# ENDED-WINNER ANNOUNCED-Official BYH Caption Contest - 10/17/2016 - Pic by Green Acres Farm



## Support

_WINNER ANNOUNCED HERE_​
_Here's how it works…. We will choose the highest rated photo from our Caption Contest Submissions thread and you all need to post captions for that pic in this captions thread! You can submit captions and vote simultaneously, so the sooner you submit your caption, the more votes you could get! The caption with the most "likes" will be the winner!_

_The winner will receive a special "Caption contest winner" medal and the winner's medal will be displayed in their post bit for 2 weeks. _

_After 2 weeks this medal will be removed, so in order to retain the medal you have to keep playing!

*How to Enter:*_

Reply to this thread with your caption

Vote for your favorite caption using the "like" button
_That's it!
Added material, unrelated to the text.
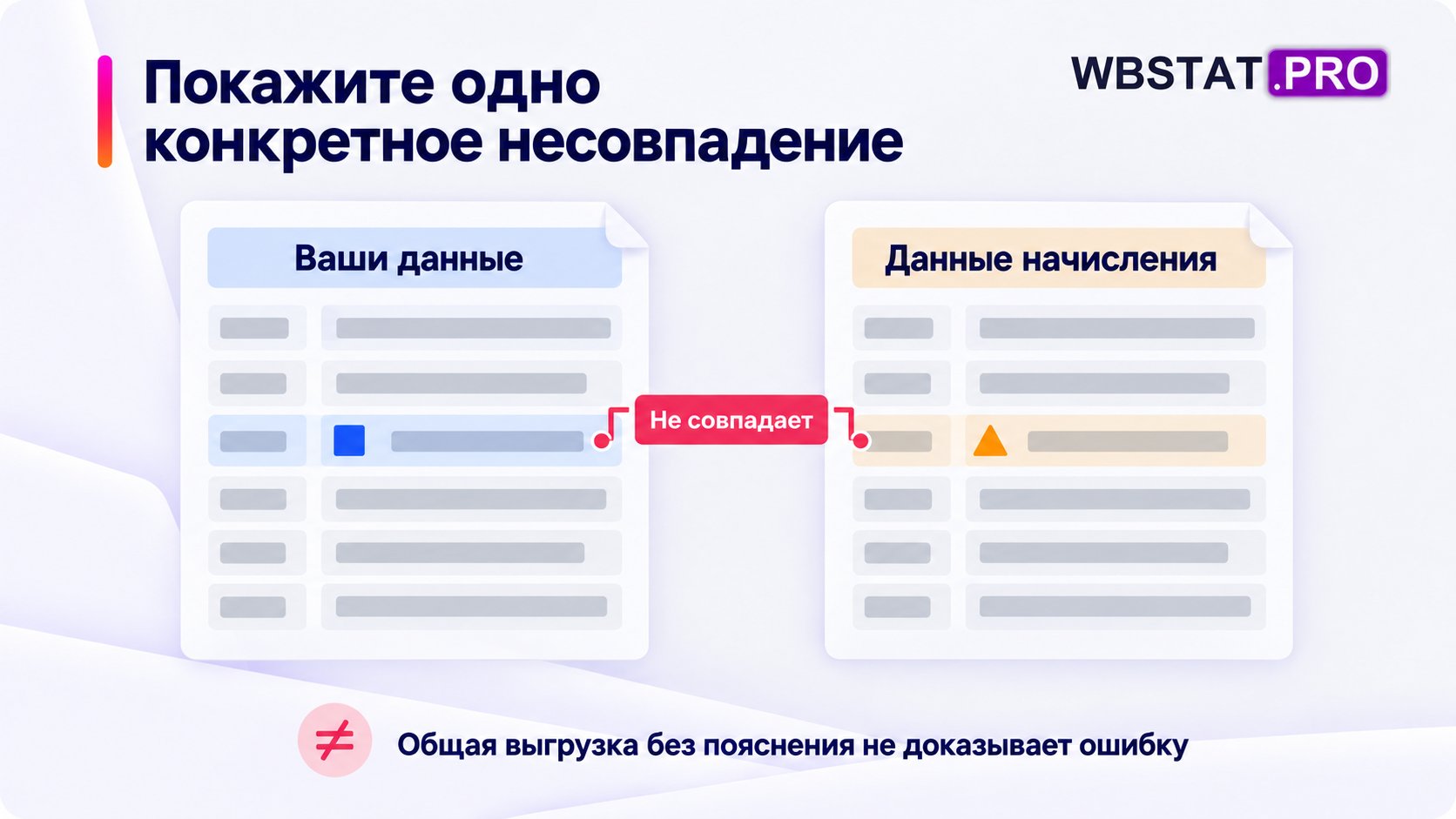 Выделено одно несовпадение данных поставки и начисления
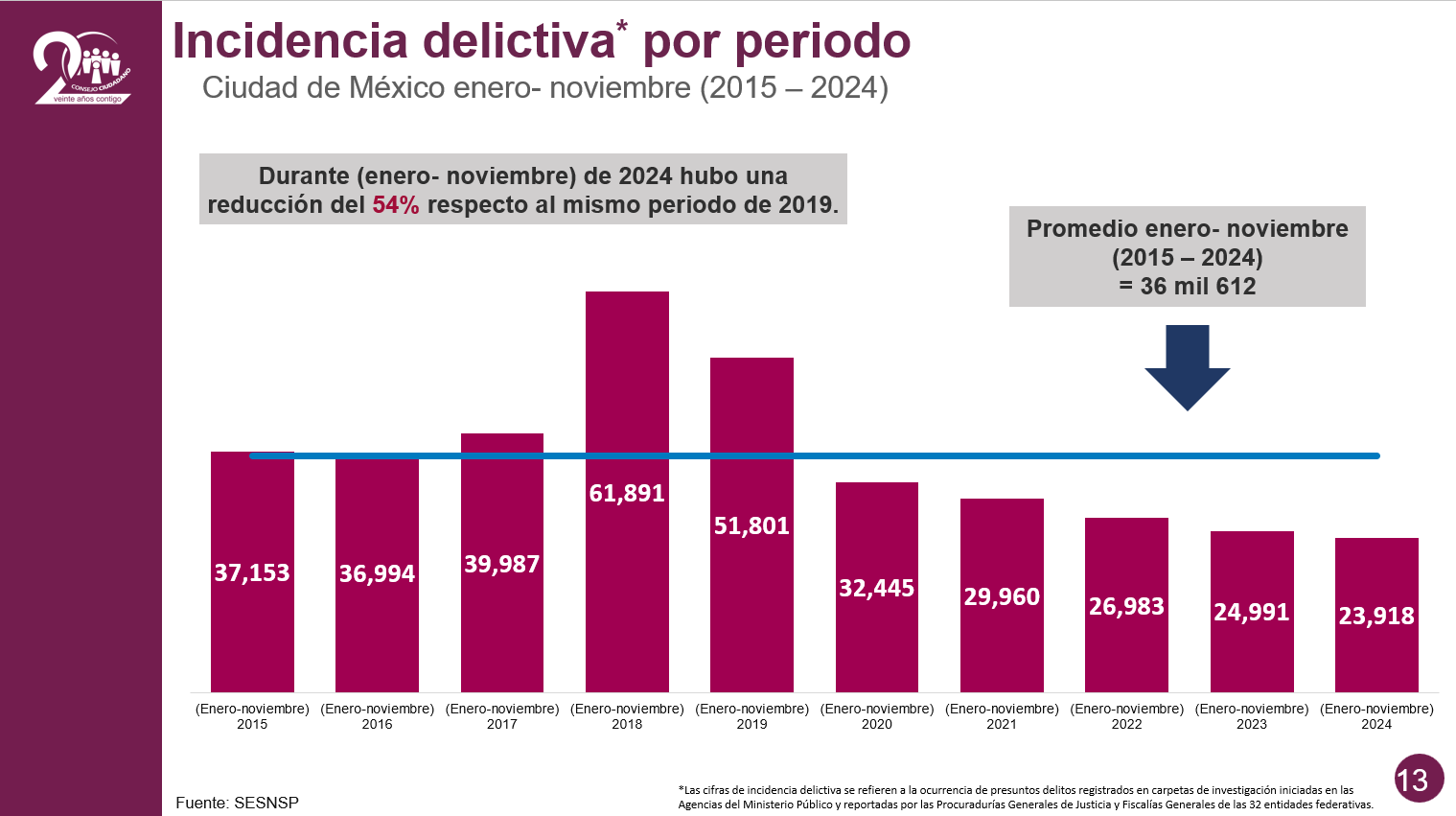 Descripción corta imagen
Caption away!!

Here's the image for this contest:
_
_


 
If you would like your own pics to be used for these contests, please submit them in this thread._​


----------



## madelynmccabe

Hi! Um... just checking to see if everything is OK here! And by the way, how are you? Just checking on you, because you know, I'm nosy like that. OK, I'll see you later... bye!


----------



## Ferguson K

"Don't feed it after midnight!"


----------



## Green Acres Farm

"Did you say COOKIES?!"


----------



## micah wotring

(read fast)

Hey, so I uh saw you came into our pasture and I was uh wondering um you wouldn't happen to have any, say, grain?!?!


----------



## Baymule

Kisses? Smoochy-smooch!


----------



## luvmypets

"Trusttttt.iiinnnn.meee"


----------



## HomeOnTheRange

What!?! You wanted a RED nose...


----------



## Chicken Girl 15

Hey Ma!!! What cha' got Fer me!?!?


----------



## Genipher

"Don't blink!"


----------



## CntryBoy777

Here's looking at You 'Kid'!!


----------



## Support

Green Acres Farm said:


> "Did you say COOKIES?!"



Congratulations @Green Acres Farm . You got the winning caption!


----------



## TAH

Way to go green acres


----------



## HomeOnTheRange

Congrats @Green Acres Farm


----------



## CntryBoy777

Way to Go!!! @Green Acres Farm


----------



## Baymule

Congrats!


----------